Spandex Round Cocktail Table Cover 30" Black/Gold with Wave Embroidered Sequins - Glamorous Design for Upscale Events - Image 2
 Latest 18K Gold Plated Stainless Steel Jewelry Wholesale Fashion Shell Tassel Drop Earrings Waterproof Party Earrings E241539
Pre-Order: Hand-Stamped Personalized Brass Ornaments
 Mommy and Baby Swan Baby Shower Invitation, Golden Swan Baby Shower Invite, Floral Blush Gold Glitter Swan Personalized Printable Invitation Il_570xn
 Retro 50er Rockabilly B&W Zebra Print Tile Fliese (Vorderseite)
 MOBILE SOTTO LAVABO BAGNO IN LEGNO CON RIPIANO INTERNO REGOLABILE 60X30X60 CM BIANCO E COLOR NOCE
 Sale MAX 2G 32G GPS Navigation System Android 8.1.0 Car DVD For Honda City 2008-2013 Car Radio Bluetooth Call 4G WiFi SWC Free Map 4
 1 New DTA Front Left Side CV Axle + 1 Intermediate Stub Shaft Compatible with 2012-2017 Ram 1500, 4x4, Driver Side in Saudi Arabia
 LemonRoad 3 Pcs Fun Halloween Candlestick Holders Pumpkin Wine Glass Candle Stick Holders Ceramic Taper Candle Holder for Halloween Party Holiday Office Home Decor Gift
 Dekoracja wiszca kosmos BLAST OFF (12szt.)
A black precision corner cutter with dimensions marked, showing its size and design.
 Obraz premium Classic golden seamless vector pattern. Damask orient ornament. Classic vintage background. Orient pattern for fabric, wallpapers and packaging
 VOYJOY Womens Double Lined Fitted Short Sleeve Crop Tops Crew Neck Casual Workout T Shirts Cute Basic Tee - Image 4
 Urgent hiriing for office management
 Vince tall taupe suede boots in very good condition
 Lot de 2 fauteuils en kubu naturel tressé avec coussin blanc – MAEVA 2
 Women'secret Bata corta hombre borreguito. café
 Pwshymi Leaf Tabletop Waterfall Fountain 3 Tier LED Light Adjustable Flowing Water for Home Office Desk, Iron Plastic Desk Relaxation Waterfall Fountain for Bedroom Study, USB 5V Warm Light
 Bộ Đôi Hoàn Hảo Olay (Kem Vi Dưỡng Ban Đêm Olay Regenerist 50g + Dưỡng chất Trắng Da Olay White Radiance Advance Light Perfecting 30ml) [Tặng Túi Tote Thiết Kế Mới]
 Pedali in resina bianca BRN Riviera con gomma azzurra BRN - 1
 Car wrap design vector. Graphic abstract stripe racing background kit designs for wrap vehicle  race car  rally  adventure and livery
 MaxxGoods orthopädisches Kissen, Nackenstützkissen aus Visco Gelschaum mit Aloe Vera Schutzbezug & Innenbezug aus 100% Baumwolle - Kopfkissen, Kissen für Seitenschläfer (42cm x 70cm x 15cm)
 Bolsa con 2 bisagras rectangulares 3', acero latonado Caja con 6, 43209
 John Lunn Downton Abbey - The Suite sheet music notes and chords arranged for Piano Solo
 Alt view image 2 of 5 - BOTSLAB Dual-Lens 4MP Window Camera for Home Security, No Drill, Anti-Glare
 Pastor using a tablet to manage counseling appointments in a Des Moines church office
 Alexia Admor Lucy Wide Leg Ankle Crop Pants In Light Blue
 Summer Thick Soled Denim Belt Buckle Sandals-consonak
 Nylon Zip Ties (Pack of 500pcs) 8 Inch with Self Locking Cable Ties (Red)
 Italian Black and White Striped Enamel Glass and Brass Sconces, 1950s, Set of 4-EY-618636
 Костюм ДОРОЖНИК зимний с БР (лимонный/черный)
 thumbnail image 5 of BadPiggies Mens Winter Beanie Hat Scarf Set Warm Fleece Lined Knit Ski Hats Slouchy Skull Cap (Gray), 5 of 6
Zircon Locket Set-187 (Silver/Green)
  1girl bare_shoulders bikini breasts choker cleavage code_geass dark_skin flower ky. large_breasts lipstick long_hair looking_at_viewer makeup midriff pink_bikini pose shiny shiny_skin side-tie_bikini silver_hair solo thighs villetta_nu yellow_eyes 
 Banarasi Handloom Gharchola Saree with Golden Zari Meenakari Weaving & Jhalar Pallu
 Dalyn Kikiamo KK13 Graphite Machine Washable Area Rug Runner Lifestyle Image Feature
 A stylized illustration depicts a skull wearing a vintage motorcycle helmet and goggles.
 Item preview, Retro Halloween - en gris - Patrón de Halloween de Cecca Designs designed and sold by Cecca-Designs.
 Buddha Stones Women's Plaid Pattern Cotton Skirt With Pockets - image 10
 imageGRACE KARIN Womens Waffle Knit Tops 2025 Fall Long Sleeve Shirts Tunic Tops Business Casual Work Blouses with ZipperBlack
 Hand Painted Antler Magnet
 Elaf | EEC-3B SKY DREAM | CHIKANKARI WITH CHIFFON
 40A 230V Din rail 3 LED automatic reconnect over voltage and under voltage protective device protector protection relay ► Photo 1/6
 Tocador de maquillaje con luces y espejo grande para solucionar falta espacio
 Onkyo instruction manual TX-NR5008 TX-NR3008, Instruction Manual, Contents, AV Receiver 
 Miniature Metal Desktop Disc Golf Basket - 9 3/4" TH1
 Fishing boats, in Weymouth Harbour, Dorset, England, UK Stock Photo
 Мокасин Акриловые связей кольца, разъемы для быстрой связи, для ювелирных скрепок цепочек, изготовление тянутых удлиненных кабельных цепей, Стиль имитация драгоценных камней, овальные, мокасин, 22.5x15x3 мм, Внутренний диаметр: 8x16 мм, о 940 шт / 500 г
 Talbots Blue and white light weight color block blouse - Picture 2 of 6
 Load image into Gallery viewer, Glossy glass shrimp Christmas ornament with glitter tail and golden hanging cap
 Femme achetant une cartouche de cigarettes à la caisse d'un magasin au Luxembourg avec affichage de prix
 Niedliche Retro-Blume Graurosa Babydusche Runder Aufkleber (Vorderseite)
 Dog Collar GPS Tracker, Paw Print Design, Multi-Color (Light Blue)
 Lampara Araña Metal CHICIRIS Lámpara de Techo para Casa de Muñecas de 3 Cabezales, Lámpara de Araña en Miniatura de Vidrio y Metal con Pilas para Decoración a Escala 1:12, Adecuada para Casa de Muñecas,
* * *
▶ [Exercise instructions]: From the listing above, copy all lines holding the word "Knit".

▶ [Solution]:
 thumbnail image 5 of BadPiggies Mens Winter Beanie Hat Scarf Set Warm Fleece Lined Knit Ski Hats Slouchy Skull Cap (Gray), 5 of 6
 imageGRACE KARIN Womens Waffle Knit Tops 2025 Fall Long Sleeve Shirts Tunic Tops Business Casual Work Blouses with ZipperBlack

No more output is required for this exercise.